More specifically, the essential allegations of the complaint state that:

(a) at one site, Two Broadway, New York City, the defendant "repeatedly interrupted [GDCC's] employees and prevented them from work" and "refused to continue work on their jobs if [GDCC] and its employees were permitted to continue installing a telephone system," and "have cut light cables, have caused temporary lighting to be cut off in the area of [GDCC's] work, and otherwise have harassed and threatened [GDCC]," (Complaint ¶¶ 10-15), resulting in damages of "approximately $30,000 by virtue of the delays and installation schedule disruptions caused by defendants." (Complaint ¶ 20).
(b) at a second site, One Broadway, New York City, the defendant "refused to continue work on the job if [GDCC's] subcontractor Triboro were permitted to continue installing the telephone system," and "cut electrical cables," as a result of which "the party with whom [GDCC] had contracted to install a telephone system cancelled the work," resulting in damages of approximately $100,000 (Complaint ¶¶ 16-20).

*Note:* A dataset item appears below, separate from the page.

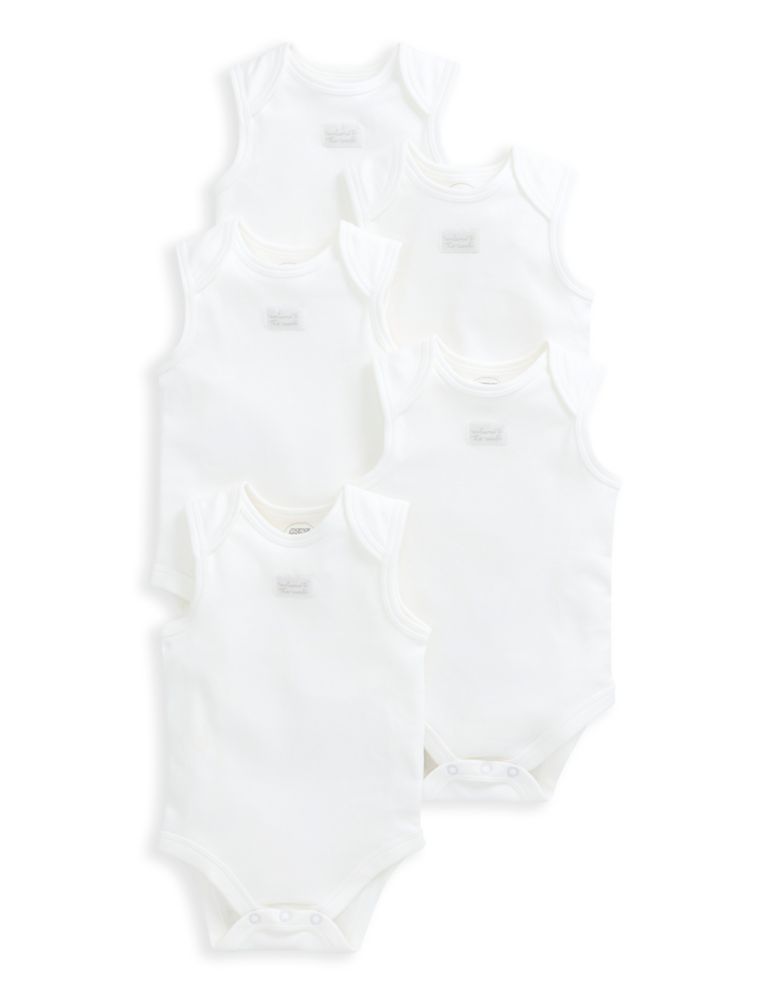 5pk Pure Cotton Bodysuits (7lbs-2 Yrs) 2 of 2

(c) GDCC further claimed damages of "a not yet determined loss of potential business" (Complaint ¶¶ 21 and 24).
(d) one purpose of defendant's conduct was to force employers and their employees to cease doing business with GDCC (Complaint ¶¶ 22 and 26).
(e) another purpose of defendant's conduct was to force GDCC to assign particular work to employees that Local 3 represents (Complaint ¶¶ 23 and 26).

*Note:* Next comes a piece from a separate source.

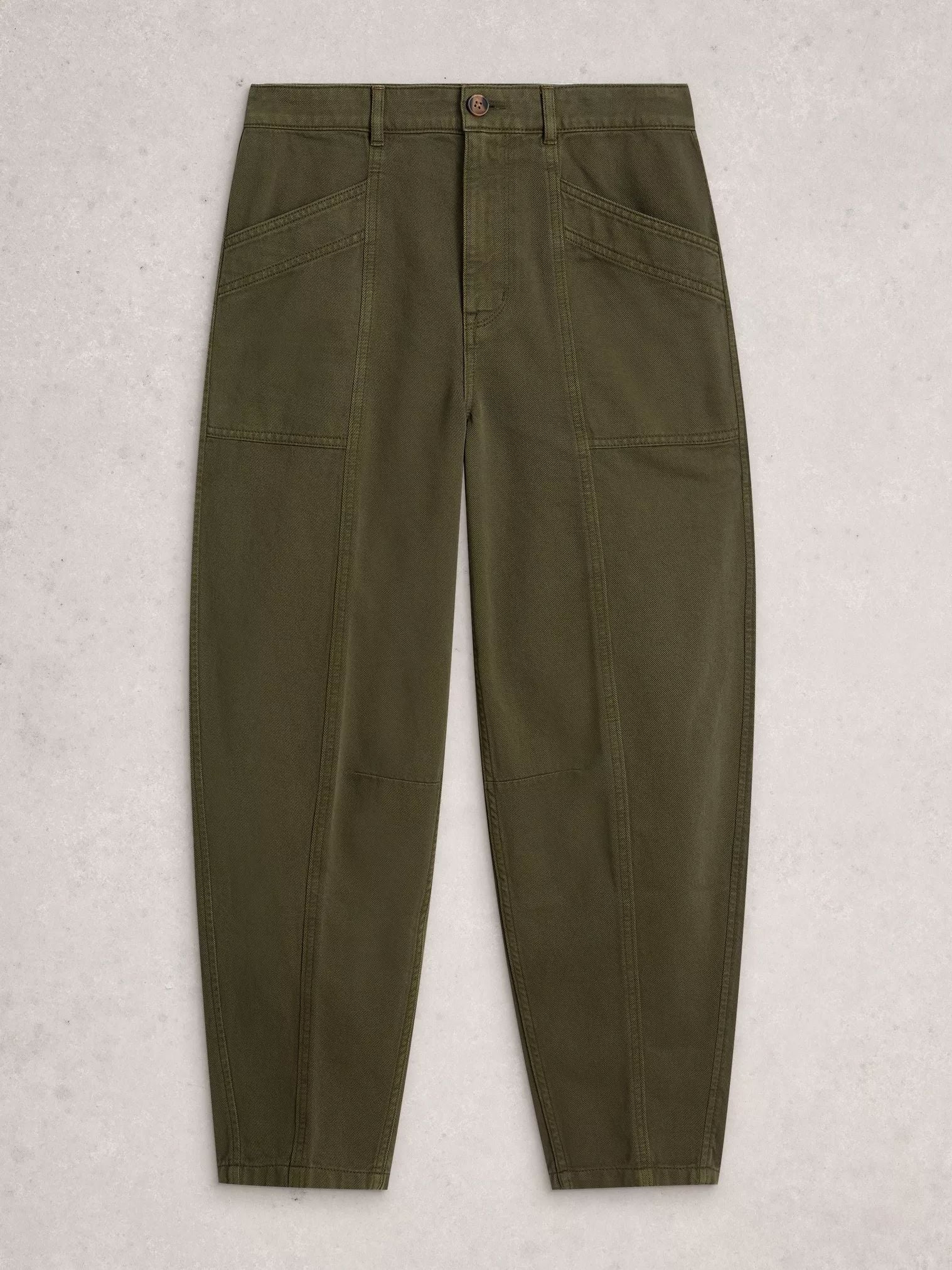 White Stuff Aubrey Barrel Trouser - Khaki Green White Stuff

Defendant's answer generally denies knowledge of and responsibility for the acts alleged in the complaint and claims that plaintiff failed to state a claim upon which relief may be granted.

The pre-trial order, dated November 1, 1982, identifies, in addition to the two sites on Broadway, New York, ten potential customers in New York City by name as to which plaintiff claims damages for lost sales under the complaint (Complaint ¶¶ 21 and 24). Certain evidence as to them was adduced at trial over defendant's objection that plaintiff had failed to move for leave to amend its complaint, thereby depriving defendant of an opportunity to move to dismiss on the pleadings for lack of statutory jurisdiction and for failure to state a claim (Defendant's Post-Trial Memorandum, p. 3). Defendant's objection is rejected.